Balancing sessions and instances helps to achieve the best overall job performance without wasting resources.

  • Logging on unnecessary sessions is a waste of resources.
  • Starting more instances than needed is a waste of resources.
  • Strategy 1

    Start with MaxSessions equal to the number of available AMPs or number of sessions you want to allocate for the job, using one instance of each operator (producers and consumer).

    1 Run the job and record how long it took for the job to complete.

    2 Then, increment the number of instances for the consumer operator. Do not change the number of sessions, because changing multiple variables makes it difficult to compare.

    3 Rerun the job and examine the job output:

  • Did the job run faster?
  • Was the second consumer instance used?
  • How many rows were processed by the first vs. the second instance? (For example, were they about equal or was one doing 80% of the work while the other was only doing 20%?) If the work was balanced, another instance might improve performance.

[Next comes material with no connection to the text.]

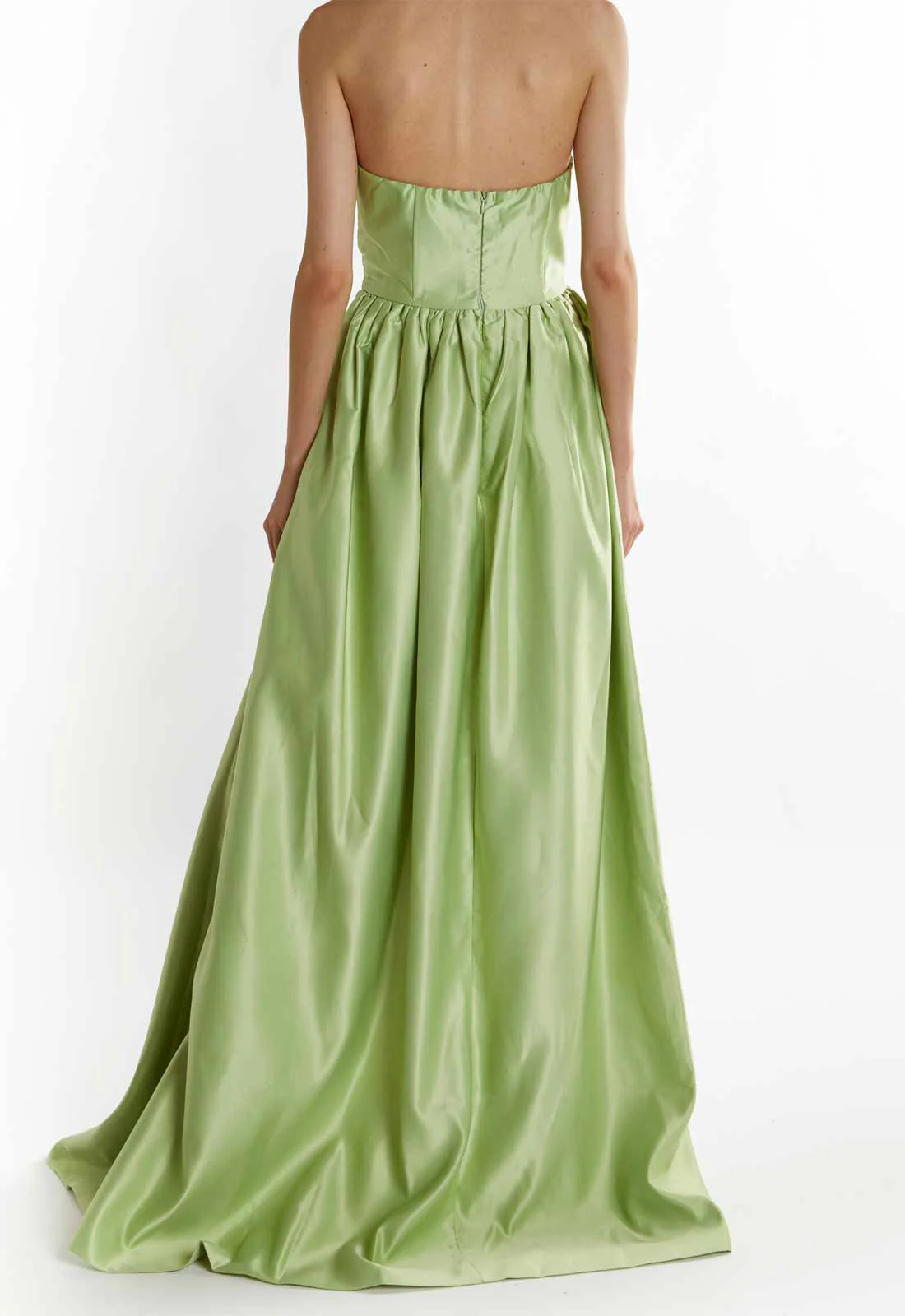True Decadence Soft-Green Emma Hi-Low Hem Maxi - Image 2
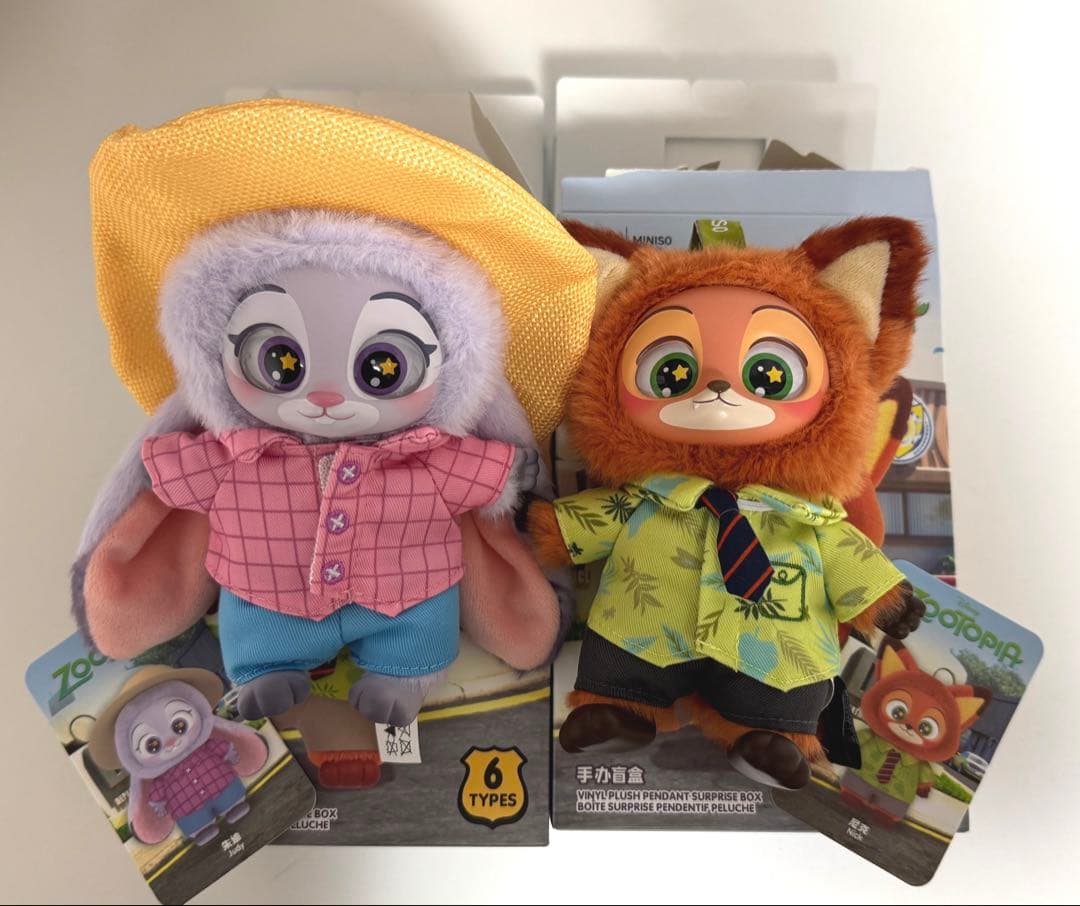 MINISO】ズートピア 私服ニックと私服ジュディのセット - メルカリ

If the second instance did not do much work, a third one is likely to waste resources without much performance gain.
  • If the work was unbalanced, another instance might be better. If the second instance did not do much work, a third one would not likely get engaged.

    4 Repeat the process of increasing the number of instances for the consumer operator until you are using as many instances as it needs.

    Now it is time to look at the producers. You can try increasing the number of each producer instance separately to see if it will feed data into the data stream at a higher rate.

    1 Increase the number of instances for each producer operator separately. Again, do not change the number of sessions.

    2 Rerun the job and compare the job output:

  • Did the job run faster? Remember this is the ultimate goal!
  • Was there a change in the number of consumer operator instances used? Because the work always is balanced across the producer instances, you should look at the impact on the consumer instances to see if the change impacted the job.
  • Was there a change in the balance of the consumer operator instances? You want to balance the number of rows being loaded across the number of instances, using as many instances as necessary.
  • Note: Be careful not to trade off instance balance for overall job performance. Just because rows are read evenly across all instances, it does not necessarily mean that the balanced load makes the whole job run faster.

    3 Depending on your results, you may want to increase the number of instances for the producer or consumer operators.

    Now that you know an acceptable number of instances, you can modify the value of MaxSessions to see if there is an impact.

    1 Decrease the value of MaxSessions. It is best to make MaxSessions a multiple of the number of instances for the operator so they are evenly balanced across the instances.

    2 Rerun the job and compare the output:

  • Did the job run faster?
  • Was there a change in the number of consumer operator instances used?
  • Was there a change in the balance of data in the consumer operator instances?
  • 3 Depending on the results, you may want to use the original MaxSessions, or continue experimenting. You may even want to revisit the number of instances you are using.

    Strategy 2

    Start with MaxSessions equal to the number of available AMPs or number of sessions allocated for the job, using four instances of each operator (producers and consumer).

    1 Run the job and examine the output:

  • How long did it take for the job to complete?
  • How many consumer operator instances are being used?
  • How many rows are being processed by each consumer operator instance? We are looking for balance without wasted resources.
  • 2 Make adjustments based on your results.

  • If the job is not using all the consumer operator instances:
  • Decrease the number of instances to eliminate the unused ones.
  • Decrease the number of producer instances by one. Avoid doing anything too drastic, or it will be difficult to determine the optimal number.
  • If the job is using all the consumer operator instances, and the workload is balanced:
  • Try increasing the number of consumer operator instances.
  • If the job is using all the consumer operator instances, but the workload not balanced:
  • Try increasing the number of producer operator instances.
  • 3 Rerun the job and compare the output:

  • Did the job run faster? Remember, this is the ultimate goal!
  • Was there a change in the number of consumer operator instances used?
  • Was there a change in the balance of data in the consumer operator instances?
  • 4 Repeat the process to optimize the number of producer and consumer instances.

    Now that you know the best number of instances, you can modify the number of MaxSessions to see if there is an impact.

    1 Decrease the number of MaxSessions. It is best to make MaxSessions a multiple of the number of instances for the operator so they are evenly balanced across the instances.

    2 Rerun the job and compare the output:

  • Did the job run faster?
  • Was there a change in the number of consumer operator instances used?
  • Was there a change in the balance of data in the consumer operator instances?
  • 3 Depending on the results, you may want to use the original MaxSessions, or continue experimenting. You may even want to re-visit the number of instances you are using.